From: John Madden <john.madden@duke.edu>
Date: Fri, 10 Feb 2006 16:26:23 -0500
Message-Id: <52135CDC-531A-4805-AF1D-E0FC480A5DC7@duke.edu>
To: public-semweb-lifesci@w3.org

This discussion is fine, but let me bring this back to GRDDL.

GRDDL could be used to specify ways of generating RDF from many kinds  
of XML documents. The documents could be data-oriented XML, or text- 
oriented XML, or even (I think this is accurate, Eric?) could be  
documents with very sparse XML markup where the extraction transform  
operates exclusively on CDATA.

In any case, I'd like more discussion on the issue that: use of GRDDL  
to extract RDF from healthcare-oriented documents, especially non- 
html documents, is an important focus of HCLS, and one of the  
workgroups should take ownership of this issue.
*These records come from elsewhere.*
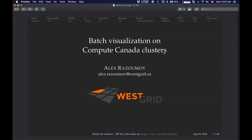We're going to talk about batch visualization on Compute Canada clusters. I'm Alex Razumov, a visualization and training coordinator with Westgrid. I typically handle a lot of visualization tickets and requests, helping in various projects. If you need any help with scientific visualization related to your research, let me know — my job is to help you.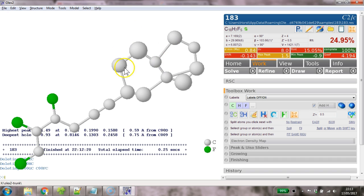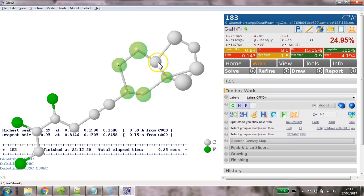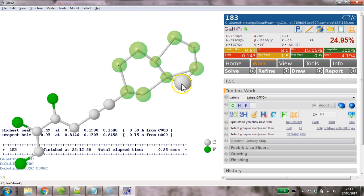Now this isn't going to refine very well. So we need to put a constraint on it and we're going to use the affix constraint. I'm starting at the alpha carbon here and I'm going round in a figure of eight. And oops, click on that, click on that. And it's the affix 116.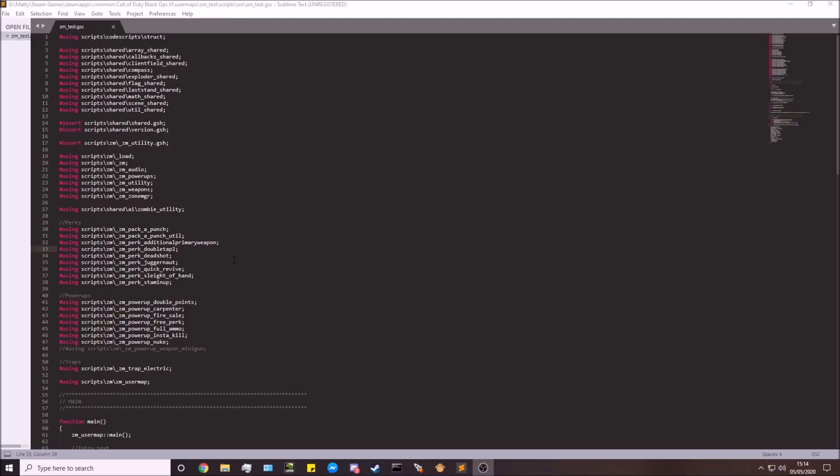Hey guys, what's going on? Matt here and welcome back to the Black Ops 3 mod tools tutorial series. In this video we're going to be disabling the zombie collision. So if you have a relatively small doorway and you have a lot of zombies going through there all at once, you might notice that occasionally they do get stuck on the doors.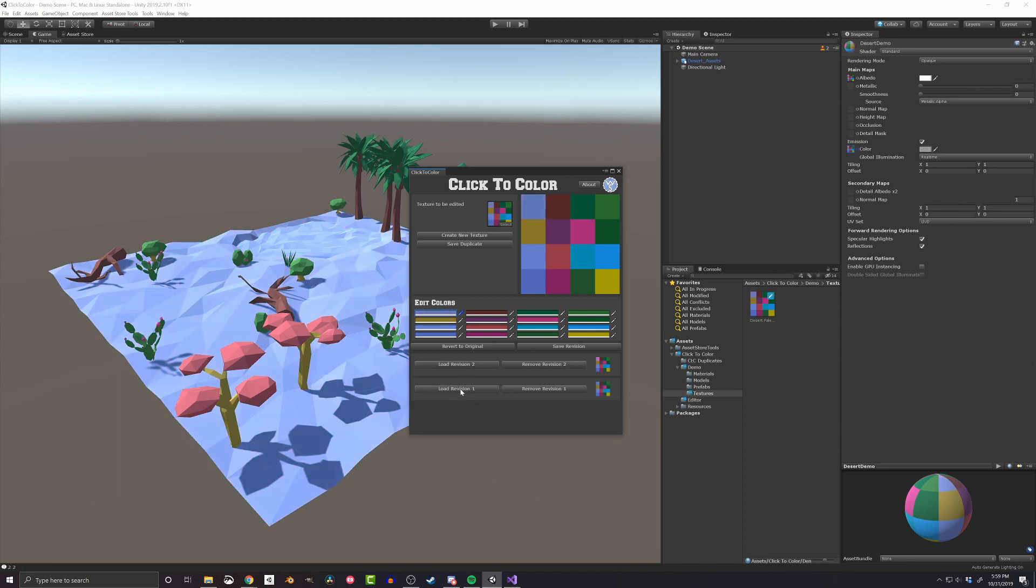Or, if I don't like any of the changes, I can press revert to original to reload the colors from when the texture was loaded into Click to Color.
On Feb 10, 2006, at 1:01 PM, Gao, Yong wrote:

> Having trained as a computational linguist, one thing I remember  
> vividly is the
> debate among linguists on the issue of semantics vs. syntax. One of  
> the wisdoms
> I gained from that experience is the saying "One man's semantics is  
> another
> man's syntax." (I'll need to dig deeper to find its origin.)
> Having worked on building practical tools for data extraction and  
> integration,
> I've learned the lesson on the importance of NOT getting too  
> boggled down on
> labeling what's "structured" and what's not. Here I quote another  
> saying "One
> Man's Ceiling is Another Man's Floor"
> The point I'm trying to make is this: The concept of  
> "structuredness" is
> relative and context-sensitive. For example, natural language texts  
> are highly
> structured, it's just we still have a long way to fully discover  
> and understand
> its structures and use them to find meanings mechanically.
> Another example, HTML pages are structured so that web browsers can  
> display them
> properly. XML and RDF data can as well be "unstructured" if you put  
> a blob of
> text, say abstract, between a pair of tags.
> I would almost suggest the term "non-RDF", rather than  
> "unstructured", be used
> in the context of transforming some data into RDF format.
> ---
> Yong Gao, PH.D.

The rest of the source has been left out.